Alain Ducasse’s restaurant at the Plaza-Athenée Hotel in Paris is one of the world’s most exalted culinary temples. It has received three Michelin stars, along with virtually every other accolade on the planet, and is regarded as the standard-bearer for the glory of French cooking.
Little wonder, then, that Ducasse shocked the food world last week when he announced that he was switching to a vegetable-centric menu at the Plaza-Athenée. The hotel is currently closed for renovations, and when the restaurant re-opens it will specialize in seafood, organic grains and cereals, and produce grown for him in the gardens of the Palace of Versailles (where else?). Meat will be almost nonexistent on the premises.
“The planet has increasingly rare resources,” said Ducasse in an interview, “so we have to consume more ethically, more fairly.” He views his decision as an attempt to return to “naturalness.” Some media outlets were not quite as sanguine.
“Is this the end of haute cuisine?” asked the online edition of the Daily Mail. Even worse than the absence of animal flesh was the chef’s declaration that he was completely banning the use of cream, and also wants to use sugar as sparingly as possible. Clearly, his pastry chef is in for a bumpy ride.
In fact, Ducasse is not the first celebrated French chef to follow this path. Alain Passard, owner of the three-star L’Arpege in Paris, eliminated most meat from his menu as early as 2001. Passard supervises the farming of three kitchen gardens that grow 40 tons of organic produce each year. His business is booming, and L’Arpege is one of the capital’s most desirable tables.
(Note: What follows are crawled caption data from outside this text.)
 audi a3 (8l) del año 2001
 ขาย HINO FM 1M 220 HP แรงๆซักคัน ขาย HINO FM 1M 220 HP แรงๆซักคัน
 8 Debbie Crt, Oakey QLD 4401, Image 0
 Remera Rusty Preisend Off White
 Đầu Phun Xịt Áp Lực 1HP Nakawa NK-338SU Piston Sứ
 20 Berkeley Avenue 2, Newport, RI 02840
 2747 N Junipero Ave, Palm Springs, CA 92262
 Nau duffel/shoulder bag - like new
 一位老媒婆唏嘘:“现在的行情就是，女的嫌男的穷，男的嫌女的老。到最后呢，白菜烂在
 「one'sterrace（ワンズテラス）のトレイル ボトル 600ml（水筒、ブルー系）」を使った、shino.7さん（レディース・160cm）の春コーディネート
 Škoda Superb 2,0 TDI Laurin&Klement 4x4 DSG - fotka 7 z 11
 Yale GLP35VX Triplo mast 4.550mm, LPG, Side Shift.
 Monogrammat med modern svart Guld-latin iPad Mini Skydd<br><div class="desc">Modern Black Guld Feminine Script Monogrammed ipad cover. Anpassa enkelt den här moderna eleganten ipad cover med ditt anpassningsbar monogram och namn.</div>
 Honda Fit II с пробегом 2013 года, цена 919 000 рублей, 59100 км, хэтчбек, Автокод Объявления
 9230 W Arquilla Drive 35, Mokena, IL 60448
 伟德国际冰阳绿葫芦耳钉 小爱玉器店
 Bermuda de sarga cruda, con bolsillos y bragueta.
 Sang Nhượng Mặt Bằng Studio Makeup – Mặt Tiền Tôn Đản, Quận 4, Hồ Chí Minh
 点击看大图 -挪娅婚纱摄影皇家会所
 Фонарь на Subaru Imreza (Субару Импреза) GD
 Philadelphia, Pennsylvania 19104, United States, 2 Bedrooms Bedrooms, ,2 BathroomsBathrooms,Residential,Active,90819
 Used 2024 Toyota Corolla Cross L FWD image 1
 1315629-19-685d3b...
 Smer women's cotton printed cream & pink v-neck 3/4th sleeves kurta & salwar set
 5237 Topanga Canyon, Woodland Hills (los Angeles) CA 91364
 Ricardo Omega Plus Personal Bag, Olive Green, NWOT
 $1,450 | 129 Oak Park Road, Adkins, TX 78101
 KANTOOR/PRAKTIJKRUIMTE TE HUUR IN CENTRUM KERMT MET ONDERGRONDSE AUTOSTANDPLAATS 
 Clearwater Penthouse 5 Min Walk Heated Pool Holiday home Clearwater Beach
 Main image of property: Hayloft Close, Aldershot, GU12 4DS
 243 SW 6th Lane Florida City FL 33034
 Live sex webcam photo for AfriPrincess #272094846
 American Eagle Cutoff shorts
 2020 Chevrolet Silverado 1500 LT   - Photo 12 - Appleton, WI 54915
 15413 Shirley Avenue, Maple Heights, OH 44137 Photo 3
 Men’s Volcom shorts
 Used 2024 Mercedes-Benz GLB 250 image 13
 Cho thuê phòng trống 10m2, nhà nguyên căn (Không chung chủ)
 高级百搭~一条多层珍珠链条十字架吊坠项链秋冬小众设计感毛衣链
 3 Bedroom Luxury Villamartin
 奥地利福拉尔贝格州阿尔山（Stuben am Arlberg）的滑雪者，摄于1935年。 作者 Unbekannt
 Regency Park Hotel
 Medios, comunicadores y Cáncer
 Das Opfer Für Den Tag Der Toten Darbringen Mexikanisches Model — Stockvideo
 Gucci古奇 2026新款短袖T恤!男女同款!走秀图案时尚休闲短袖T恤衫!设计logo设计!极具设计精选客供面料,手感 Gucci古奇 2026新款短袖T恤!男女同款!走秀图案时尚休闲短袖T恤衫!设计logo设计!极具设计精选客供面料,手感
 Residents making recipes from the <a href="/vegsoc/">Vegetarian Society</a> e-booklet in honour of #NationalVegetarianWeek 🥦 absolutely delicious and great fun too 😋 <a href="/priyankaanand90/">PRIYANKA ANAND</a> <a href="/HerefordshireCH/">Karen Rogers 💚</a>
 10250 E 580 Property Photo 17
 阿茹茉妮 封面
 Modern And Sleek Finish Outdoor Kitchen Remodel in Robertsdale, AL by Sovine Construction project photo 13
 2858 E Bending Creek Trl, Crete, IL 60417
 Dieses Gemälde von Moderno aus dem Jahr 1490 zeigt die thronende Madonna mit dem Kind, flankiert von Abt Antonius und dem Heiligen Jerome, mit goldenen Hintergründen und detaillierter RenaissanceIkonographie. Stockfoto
Ducasse’s empire currently includes nearly 30 restaurants around the world, holding a total of 33 Michelin stars. He has declared that his approach at the Plaza-Athenée will constitute “a new expression of contemporary French haute cuisine.” Meat or no meat, he has no intention of lowering his prices: the restaurant’s set menu will continue to cost 380 Euros, or the current equivalent of $495. The cost of eating vegetables has obviously gone up.